Wouter Verhelst writes ("Re: [draft] Draft text on Init Systems GR"):
> You can formally propose a GR today, and I recommend you do -- otherwise
> we end up discussing things before the discussion period, and then you
> need to sit and wait at least seven days during the *actual* discussion
> period for no good reason.

I see what you mean, but respectfully, I disagree.  There is no real
hurry about this - it is a long-term thing.  It is worth taking the
time to not just get the options right, but also keep everyone

In particular, if the DPL were to formally propose a GR, everyone who
wanted another option on the ballot would immediately be on the clock:
we would have to get our alternative either agreed with the DPL, or
seconded, within 7 days, if we wanted to be sure.  Given the febrile
atmosphere that some of these systemd discussions generate I think we
want at the very least the process to avoid any hint of anything that
feels threatening.

I also agree with the people who suggested that it would be best if
options were drafted by people who actually agree with them.  It is of
course helpful of the DPL to guide that process, but ultimately the
way the governance system is supposed to work is that people put
forward their _own_ options.

Whether it's helpful of the DPL to *start* this process is not so
clear to me.

But I do think we as a project as a whole have a problem here and it
is possible that another GR would help.  We have some outstanding
examples of cooperation and excellence, such as this one
Real work is being done and progress is being made.  But we also
have a very toxic atmosphere in some of our mail threads, and
unfortunate blocking behaviours.  (I won't give examples of those
since I don't want to turn the discussion into recriminations.)

I think what we are missing is a common understanding of the ground
rules of behaviour.  To my mind the basic principle of those ground
rules is that people should be allowed to work on what they want to,
within Debian.

It's no difference in principle whether it's a different init system,
or a different kernel, or a different libc, or a different desktop, or
a different package build system, or a different text editor.  People
they should be allowed to do their work.  If they need cooperation
from the rest of us, then provided the enthusiasts for whatever-it-is
are doing most of the work, then we should grant that cooperation.

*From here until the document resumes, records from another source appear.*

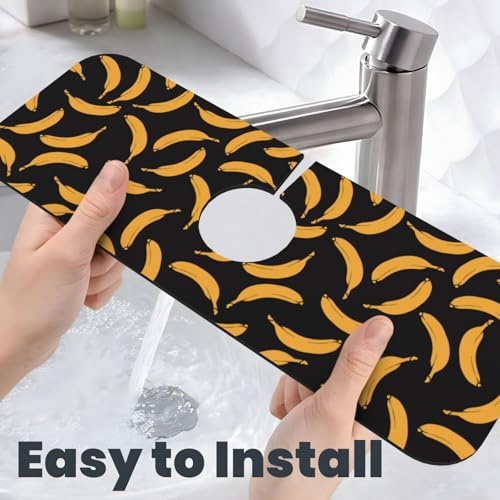 Yellow Banana Black Kitchen Sink Splash Guard Faucet Mat Super Absorbent Fast Drying Mat Sink Gadgets-Fast Drying Pad Sink Mat For Kitchen Bathroom (15" X 5.5" ) - color: Banana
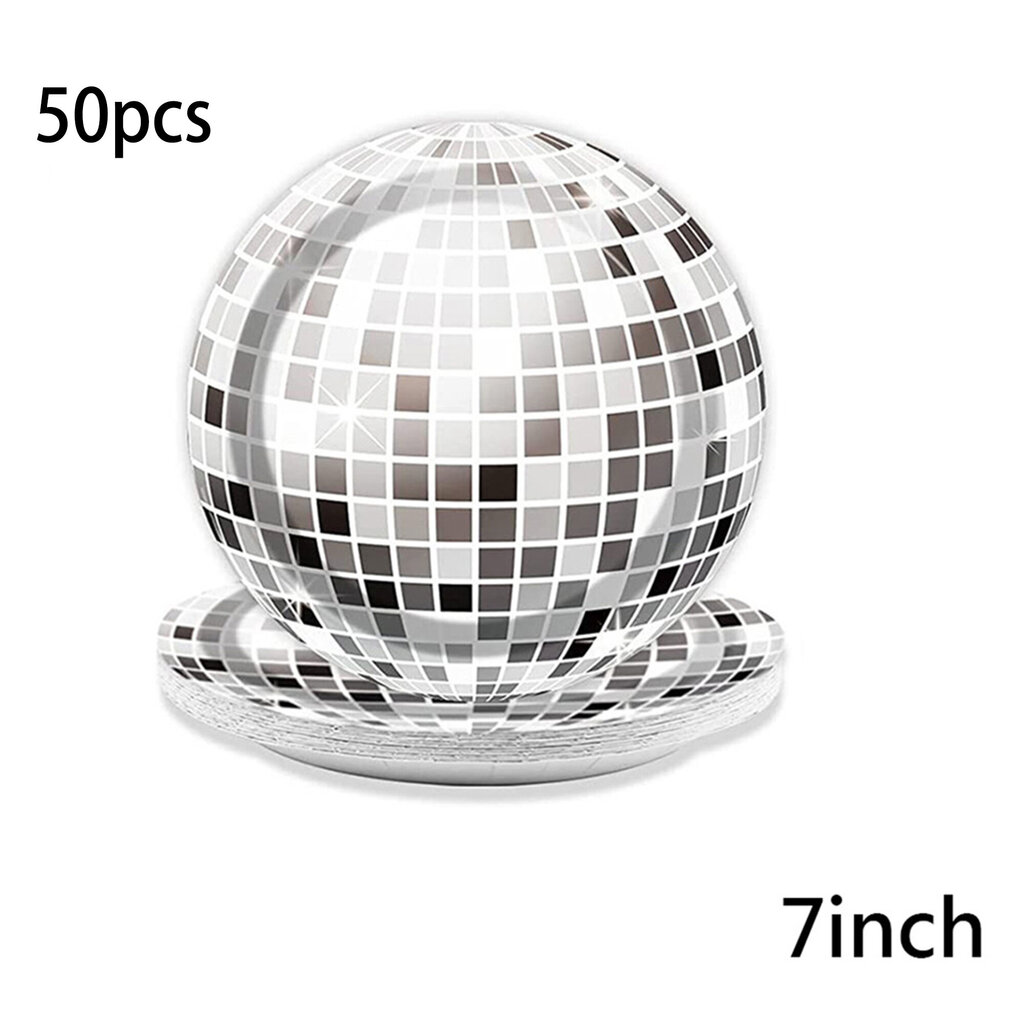 50 kpl Disco Ball Paperilautasia Polttarien koristelu Viimeinen diskotila 70-luvun diskojuhlatarvikkeet 7 9 tuuman paperipöytä hinta ja tiedot | Hauskat juhlapelit ja -tuotteet | hobbyhall.fi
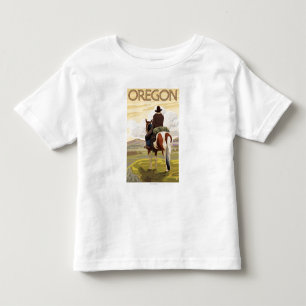 T-shirt Pour Les Tous Petits Cowboy sur Horseback Vintage voyage Poster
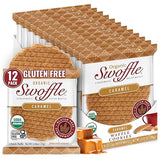Gluten Free Certified Organic Stroopwafels by Swoffle - Caramel Filled | (12) 1.16oz Wafers | non-GMO, Wheat Free, Kosher, Soy Free, No Dairy, and Nut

That does not mean that we should support only the lowest common
denominator in our internal interfaces.  Indeed until fairly recently
Debian was leading in the design and deployment of good interfaces to
allow multiple different approaches to coexist.  This is stuff we are
really good at when we put our mind to it.

The political toxicity surrounding this one issue is preventing that.

So I think what we need is to define some practical rules for who gets
to do what, when, and what the consequences will be if certain work
does not get done.

I have a draft text which I will post shortly.